Write out all the entries word for word and omit any pictures.
**** Material provided
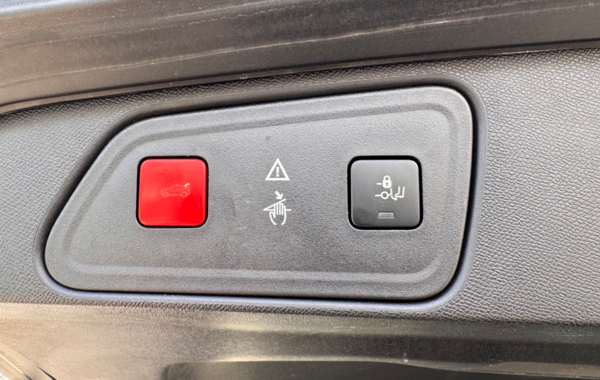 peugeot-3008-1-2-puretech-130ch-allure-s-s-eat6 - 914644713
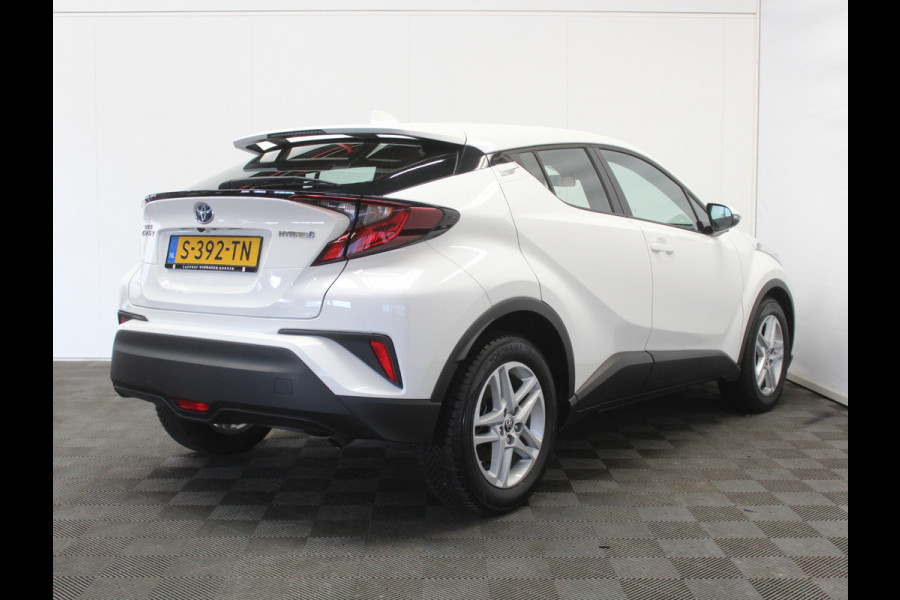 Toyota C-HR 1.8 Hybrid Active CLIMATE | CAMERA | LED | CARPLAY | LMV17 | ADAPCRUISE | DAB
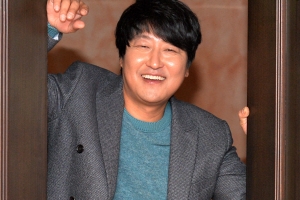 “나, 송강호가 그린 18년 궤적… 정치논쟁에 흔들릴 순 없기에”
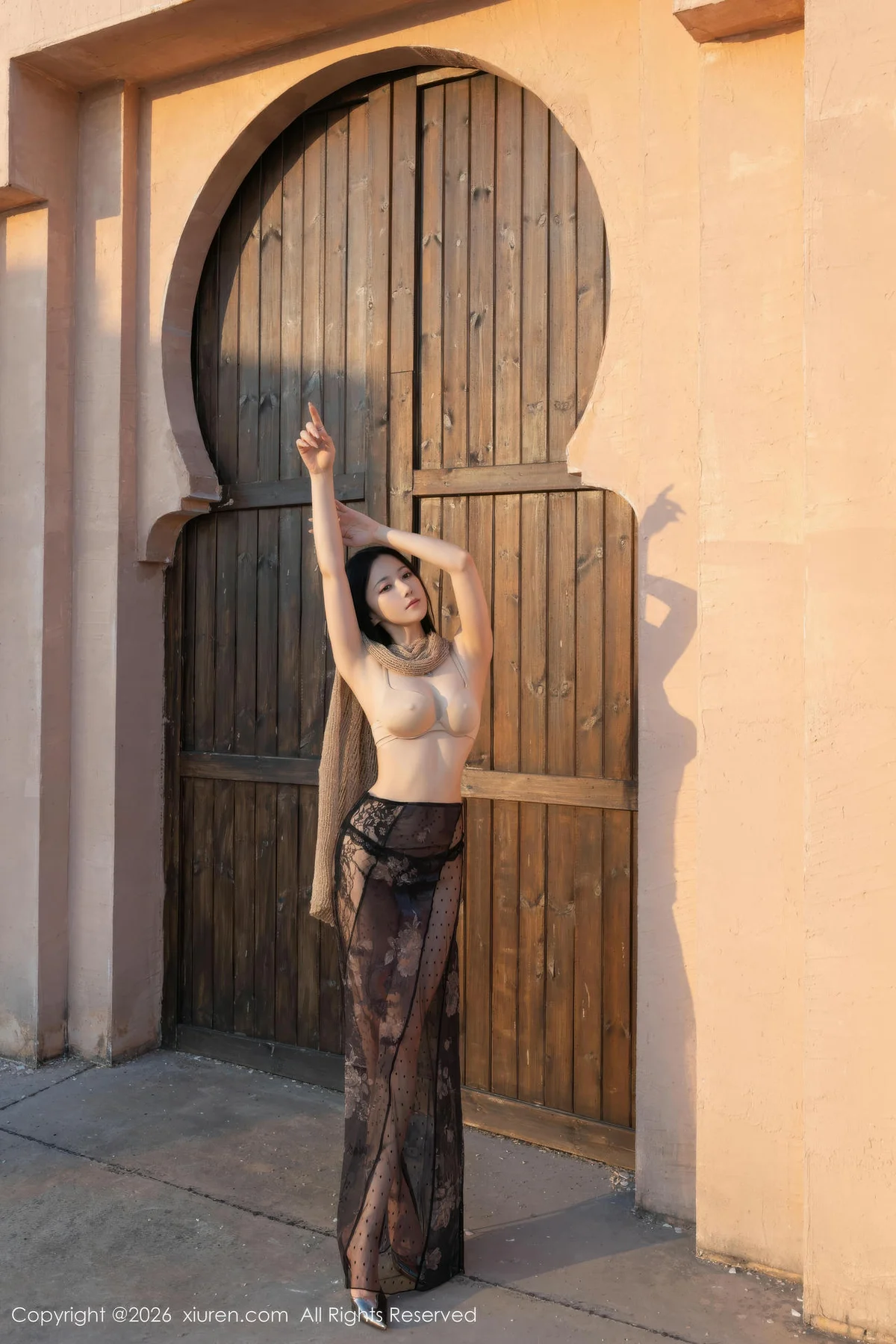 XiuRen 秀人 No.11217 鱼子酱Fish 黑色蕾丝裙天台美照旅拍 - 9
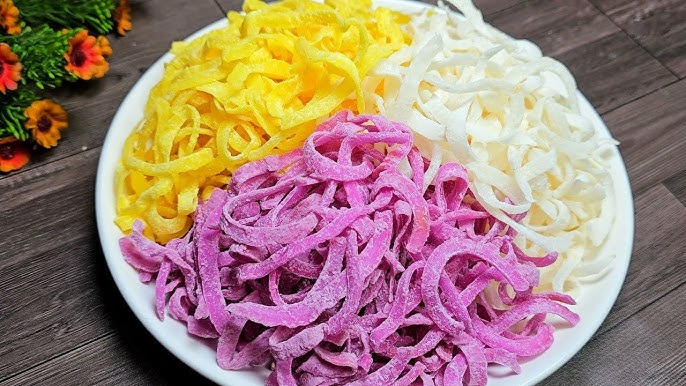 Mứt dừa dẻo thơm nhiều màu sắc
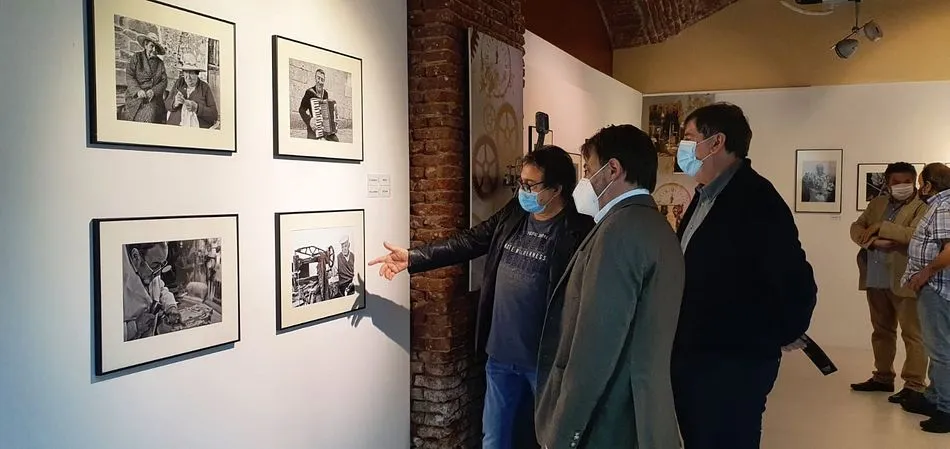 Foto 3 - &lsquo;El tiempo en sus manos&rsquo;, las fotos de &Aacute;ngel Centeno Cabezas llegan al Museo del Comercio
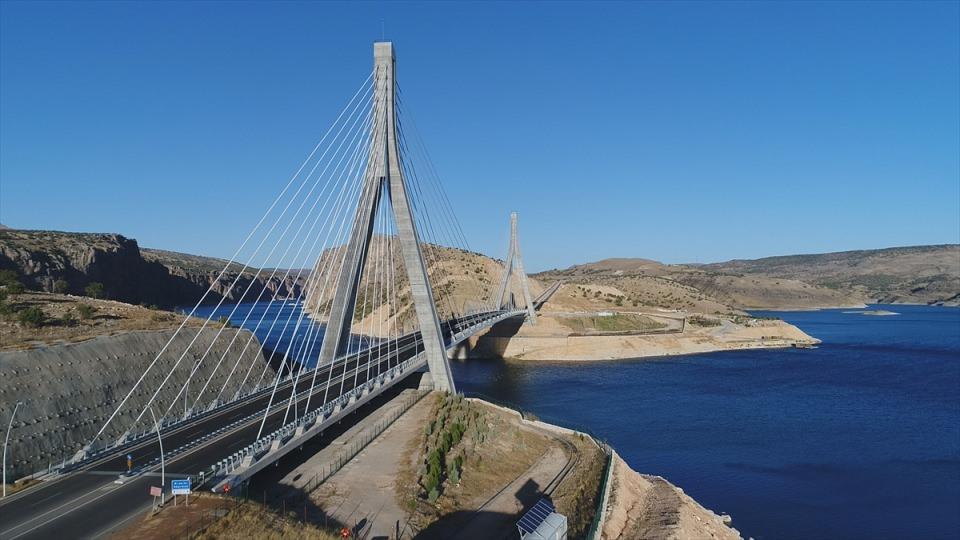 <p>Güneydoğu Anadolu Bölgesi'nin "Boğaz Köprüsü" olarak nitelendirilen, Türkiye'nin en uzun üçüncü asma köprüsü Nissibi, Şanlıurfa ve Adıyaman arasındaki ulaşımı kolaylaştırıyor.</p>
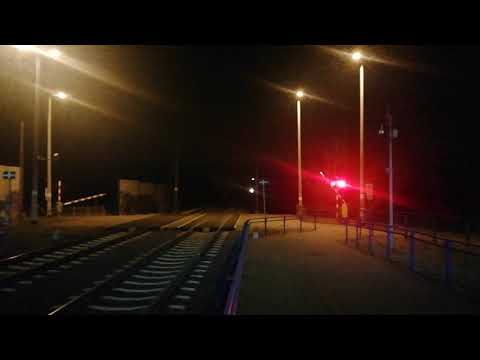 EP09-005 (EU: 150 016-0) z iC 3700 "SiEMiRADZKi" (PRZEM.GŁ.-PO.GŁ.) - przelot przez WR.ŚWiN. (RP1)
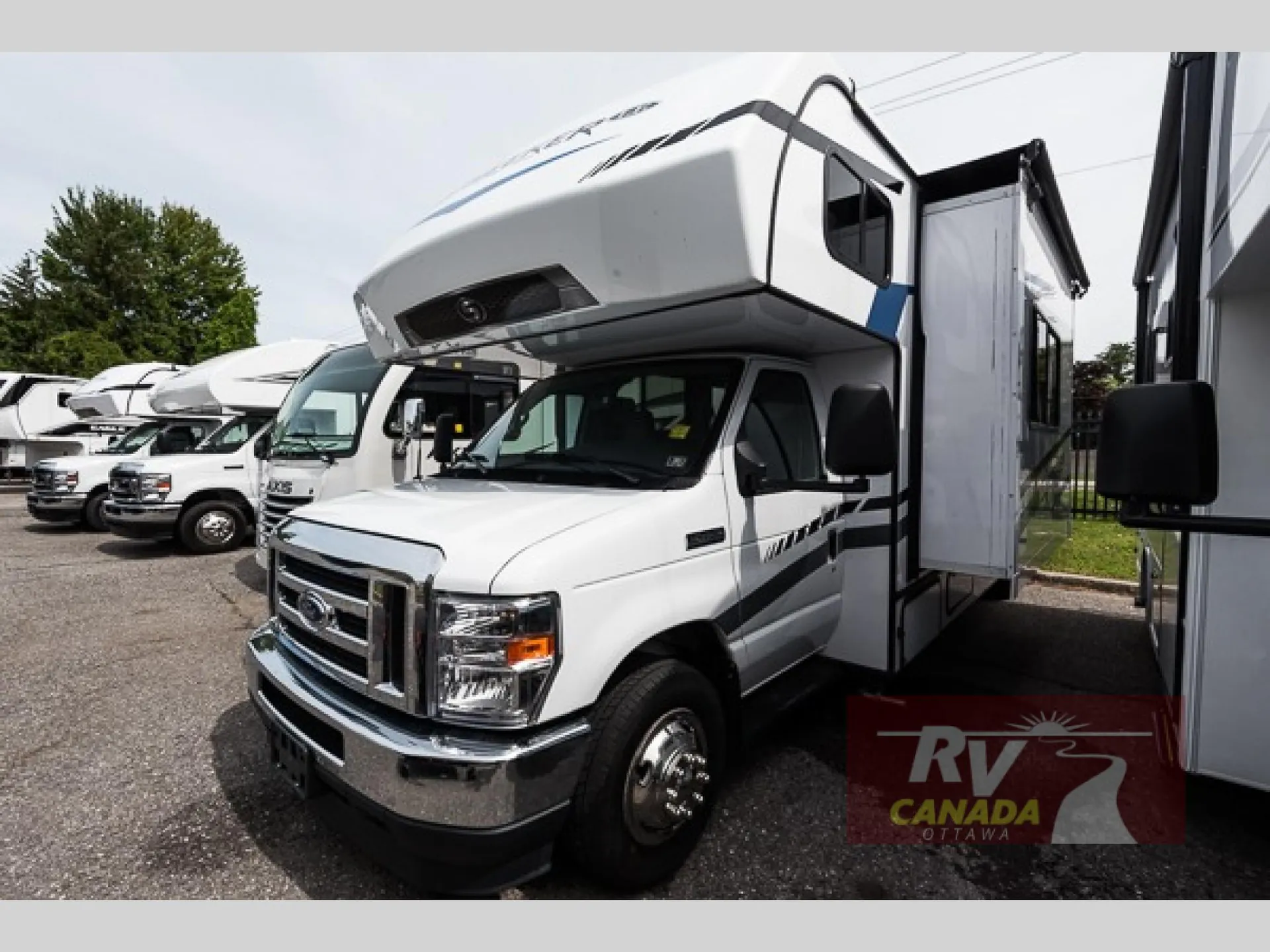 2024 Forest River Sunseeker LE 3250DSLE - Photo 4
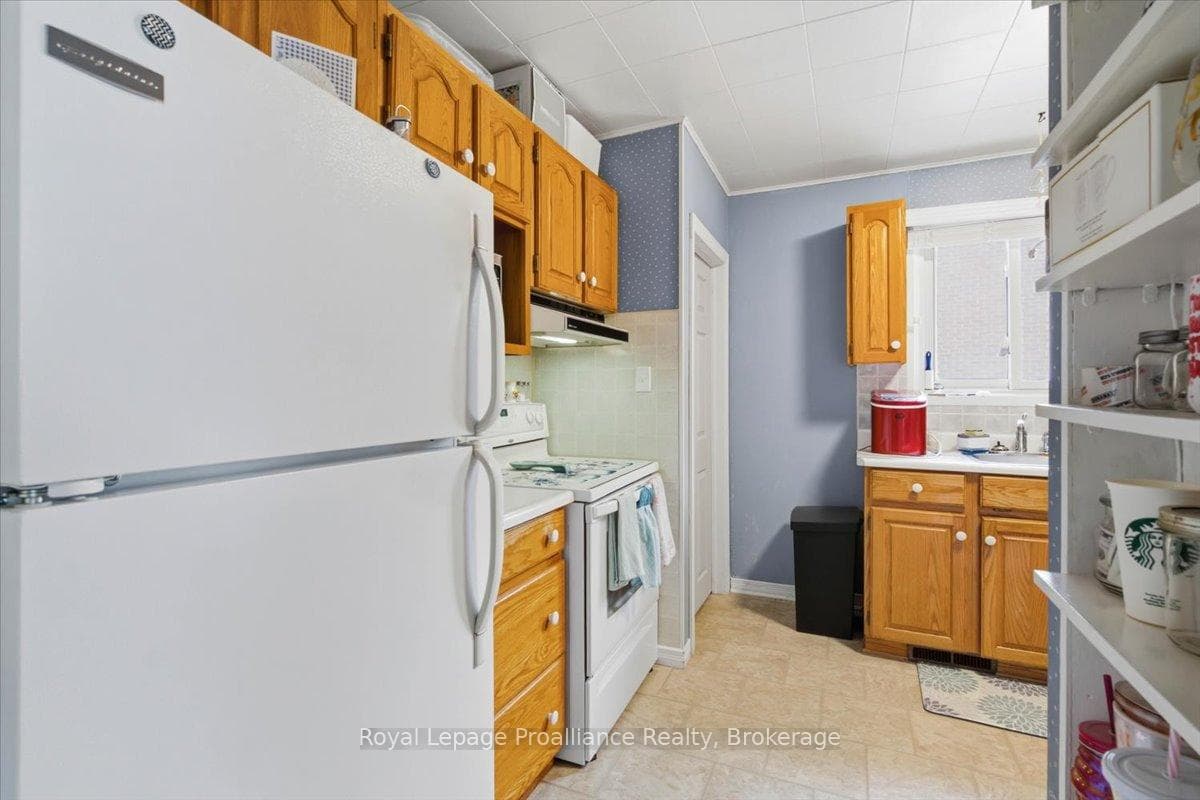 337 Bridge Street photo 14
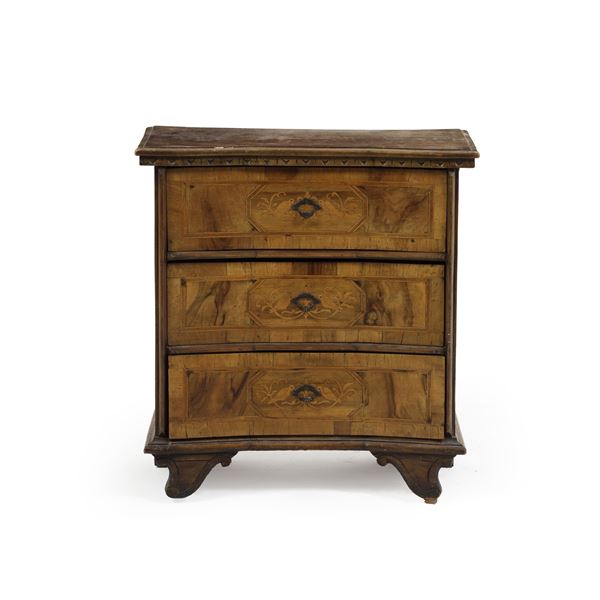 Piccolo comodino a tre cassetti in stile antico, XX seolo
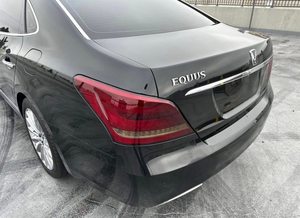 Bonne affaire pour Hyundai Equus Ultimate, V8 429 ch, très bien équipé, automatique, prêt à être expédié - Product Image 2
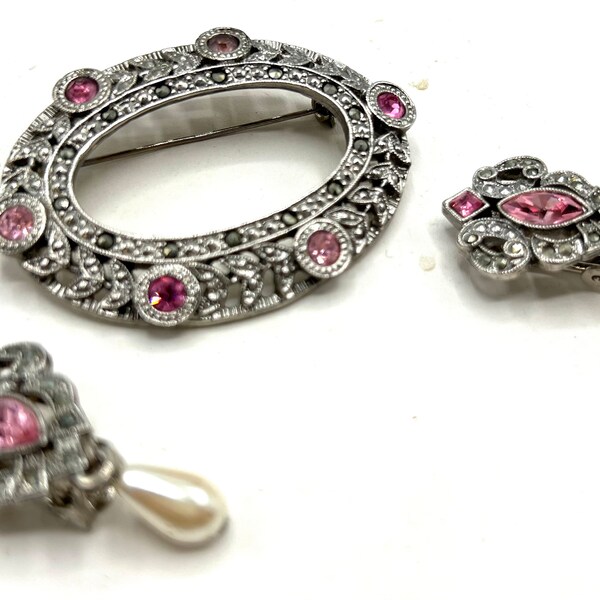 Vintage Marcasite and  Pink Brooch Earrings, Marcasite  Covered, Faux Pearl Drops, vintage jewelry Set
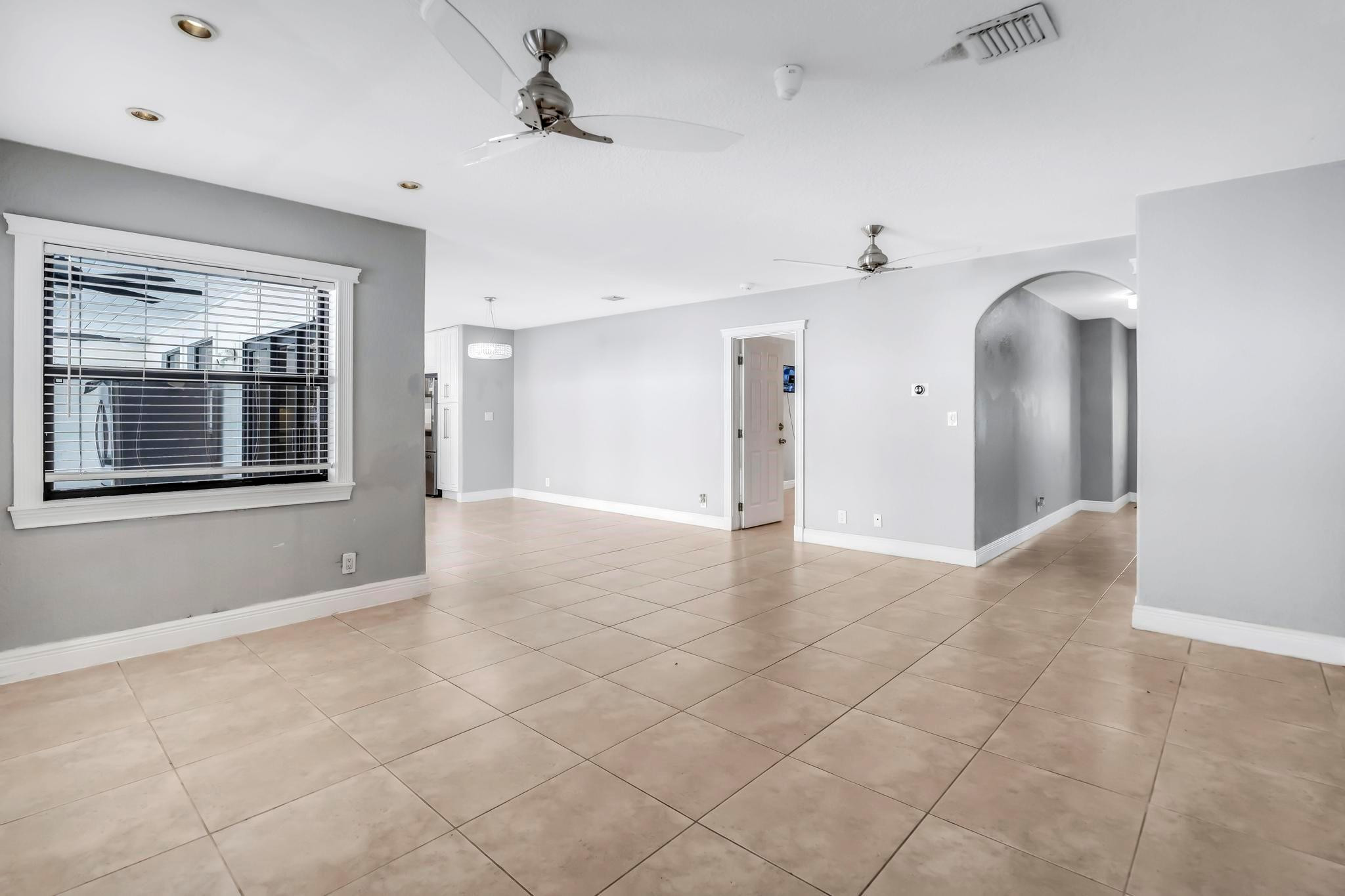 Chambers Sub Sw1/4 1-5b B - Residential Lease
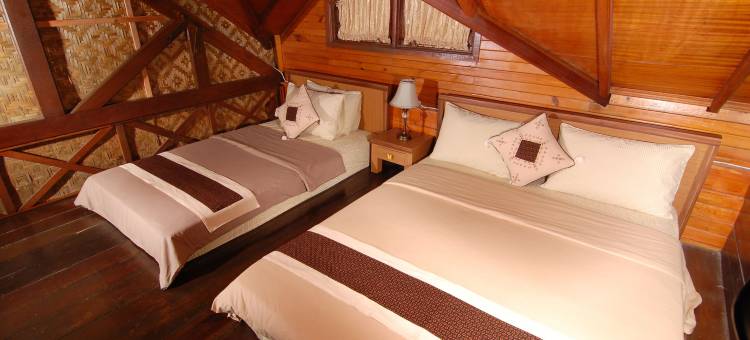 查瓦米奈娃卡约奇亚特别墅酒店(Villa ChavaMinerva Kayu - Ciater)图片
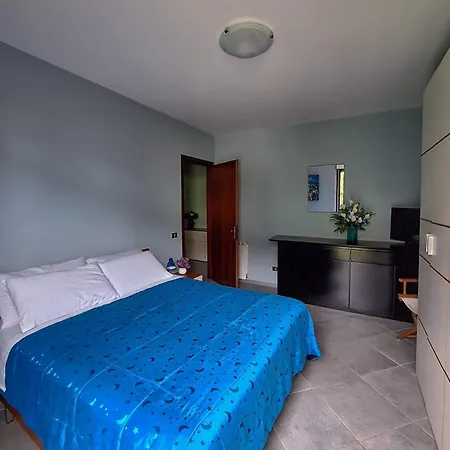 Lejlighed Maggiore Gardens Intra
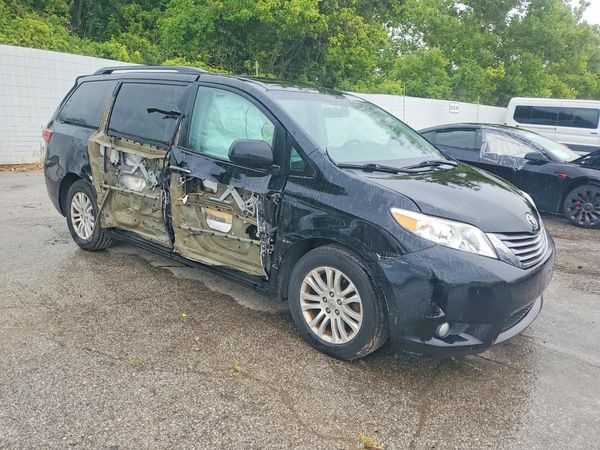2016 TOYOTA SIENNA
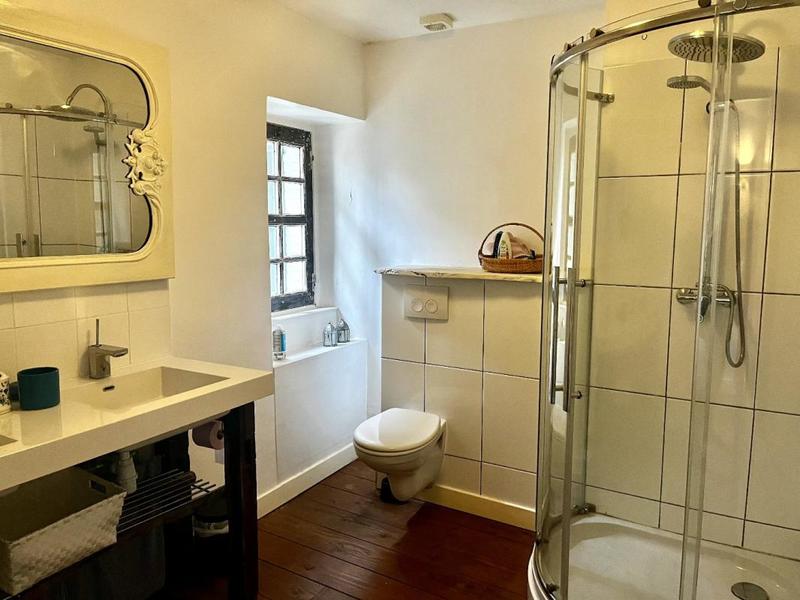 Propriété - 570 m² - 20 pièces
********
> Exercise answer
 peugeot-3008-1-2-puretech-130ch-allure-s-s-eat6 - 914644713
 Toyota C-HR 1.8 Hybrid Active CLIMATE | CAMERA | LED | CARPLAY | LMV17 | ADAPCRUISE | DAB
 “나, 송강호가 그린 18년 궤적… 정치논쟁에 흔들릴 순 없기에”
 XiuRen 秀人 No.11217 鱼子酱Fish 黑色蕾丝裙天台美照旅拍 - 9
 Mứt dừa dẻo thơm nhiều màu sắc
 Foto 3 - &lsquo;El tiempo en sus manos&rsquo;, las fotos de &Aacute;ngel Centeno Cabezas llegan al Museo del Comercio
 <p>Güneydoğu Anadolu Bölgesi'nin "Boğaz Köprüsü" olarak nitelendirilen, Türkiye'nin en uzun üçüncü asma köprüsü Nissibi, Şanlıurfa ve Adıyaman arasındaki ulaşımı kolaylaştırıyor.</p>
 EP09-005 (EU: 150 016-0) z iC 3700 "SiEMiRADZKi" (PRZEM.GŁ.-PO.GŁ.) - przelot przez WR.ŚWiN. (RP1)
 2024 Forest River Sunseeker LE 3250DSLE - Photo 4
 337 Bridge Street photo 14
 Piccolo comodino a tre cassetti in stile antico, XX seolo
 Bonne affaire pour Hyundai Equus Ultimate, V8 429 ch, très bien équipé, automatique, prêt à être expédié - Product Image 2
 Vintage Marcasite and  Pink Brooch Earrings, Marcasite  Covered, Faux Pearl Drops, vintage jewelry Set
 Chambers Sub Sw1/4 1-5b B - Residential Lease
 查瓦米奈娃卡约奇亚特别墅酒店(Villa ChavaMinerva Kayu - Ciater)图片
 Lejlighed Maggiore Gardens Intra
2016 TOYOTA SIENNA
 Propriété - 570 m² - 20 pièces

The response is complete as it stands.